Data extracted from a collection:

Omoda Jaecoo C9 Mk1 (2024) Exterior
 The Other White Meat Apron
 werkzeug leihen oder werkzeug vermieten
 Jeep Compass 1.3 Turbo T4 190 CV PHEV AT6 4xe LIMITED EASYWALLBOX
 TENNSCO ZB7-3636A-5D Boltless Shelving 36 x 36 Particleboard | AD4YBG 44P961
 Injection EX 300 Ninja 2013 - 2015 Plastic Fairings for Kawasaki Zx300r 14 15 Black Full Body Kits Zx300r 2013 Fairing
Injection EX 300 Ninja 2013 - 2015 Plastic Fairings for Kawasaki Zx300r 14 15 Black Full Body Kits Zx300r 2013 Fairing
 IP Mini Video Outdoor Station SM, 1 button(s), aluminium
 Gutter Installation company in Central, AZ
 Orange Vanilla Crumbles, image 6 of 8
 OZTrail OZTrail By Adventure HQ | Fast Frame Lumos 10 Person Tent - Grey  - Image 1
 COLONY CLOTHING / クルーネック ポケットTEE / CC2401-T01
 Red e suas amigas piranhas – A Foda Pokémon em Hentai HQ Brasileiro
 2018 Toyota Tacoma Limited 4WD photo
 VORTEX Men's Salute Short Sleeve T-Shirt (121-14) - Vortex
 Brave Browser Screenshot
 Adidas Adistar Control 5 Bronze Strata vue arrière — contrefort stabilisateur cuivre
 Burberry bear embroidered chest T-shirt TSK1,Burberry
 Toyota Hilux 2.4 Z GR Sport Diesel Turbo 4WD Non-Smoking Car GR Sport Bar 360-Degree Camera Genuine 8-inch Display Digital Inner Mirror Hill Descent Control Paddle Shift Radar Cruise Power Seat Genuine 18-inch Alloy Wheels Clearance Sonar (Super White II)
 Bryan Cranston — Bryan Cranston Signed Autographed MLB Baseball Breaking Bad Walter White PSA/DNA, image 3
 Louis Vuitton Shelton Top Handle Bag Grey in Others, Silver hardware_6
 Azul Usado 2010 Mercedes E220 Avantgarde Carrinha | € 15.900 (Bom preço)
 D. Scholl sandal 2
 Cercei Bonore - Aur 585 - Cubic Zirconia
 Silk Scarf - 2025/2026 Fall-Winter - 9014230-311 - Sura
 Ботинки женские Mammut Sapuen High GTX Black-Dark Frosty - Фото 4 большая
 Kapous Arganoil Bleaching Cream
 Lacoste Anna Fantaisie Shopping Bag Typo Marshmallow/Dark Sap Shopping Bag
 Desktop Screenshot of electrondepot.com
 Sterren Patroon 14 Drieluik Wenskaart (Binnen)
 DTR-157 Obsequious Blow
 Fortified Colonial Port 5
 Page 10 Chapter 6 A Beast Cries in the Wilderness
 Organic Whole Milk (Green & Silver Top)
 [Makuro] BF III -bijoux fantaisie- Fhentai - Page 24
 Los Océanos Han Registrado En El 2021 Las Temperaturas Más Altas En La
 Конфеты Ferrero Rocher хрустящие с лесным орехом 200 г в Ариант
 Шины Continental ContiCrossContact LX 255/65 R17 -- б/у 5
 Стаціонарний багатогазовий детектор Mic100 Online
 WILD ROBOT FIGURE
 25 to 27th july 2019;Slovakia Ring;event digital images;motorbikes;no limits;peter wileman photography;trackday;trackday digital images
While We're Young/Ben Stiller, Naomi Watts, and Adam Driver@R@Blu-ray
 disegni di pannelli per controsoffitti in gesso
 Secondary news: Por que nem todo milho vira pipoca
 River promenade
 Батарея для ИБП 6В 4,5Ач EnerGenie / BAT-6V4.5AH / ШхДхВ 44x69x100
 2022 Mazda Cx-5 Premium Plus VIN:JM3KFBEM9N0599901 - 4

Work request = An exact, complete copy of the lines above from the one with "Toyota Hilux 2.4" through the one with "Los Océanos Han" is the whole answer.

The answer =
 Toyota Hilux 2.4 Z GR Sport Diesel Turbo 4WD Non-Smoking Car GR Sport Bar 360-Degree Camera Genuine 8-inch Display Digital Inner Mirror Hill Descent Control Paddle Shift Radar Cruise Power Seat Genuine 18-inch Alloy Wheels Clearance Sonar (Super White II)
 Bryan Cranston — Bryan Cranston Signed Autographed MLB Baseball Breaking Bad Walter White PSA/DNA, image 3
 Louis Vuitton Shelton Top Handle Bag Grey in Others, Silver hardware_6
 Azul Usado 2010 Mercedes E220 Avantgarde Carrinha | € 15.900 (Bom preço)
 D. Scholl sandal 2
 Cercei Bonore - Aur 585 - Cubic Zirconia
 Silk Scarf - 2025/2026 Fall-Winter - 9014230-311 - Sura
 Ботинки женские Mammut Sapuen High GTX Black-Dark Frosty - Фото 4 большая
 Kapous Arganoil Bleaching Cream
 Lacoste Anna Fantaisie Shopping Bag Typo Marshmallow/Dark Sap Shopping Bag
 Desktop Screenshot of electrondepot.com
 Sterren Patroon 14 Drieluik Wenskaart (Binnen)
 DTR-157 Obsequious Blow
 Fortified Colonial Port 5
 Page 10 Chapter 6 A Beast Cries in the Wilderness
 Organic Whole Milk (Green & Silver Top)
 [Makuro] BF III -bijoux fantaisie- Fhentai - Page 24
 Los Océanos Han Registrado En El 2021 Las Temperaturas Más Altas En La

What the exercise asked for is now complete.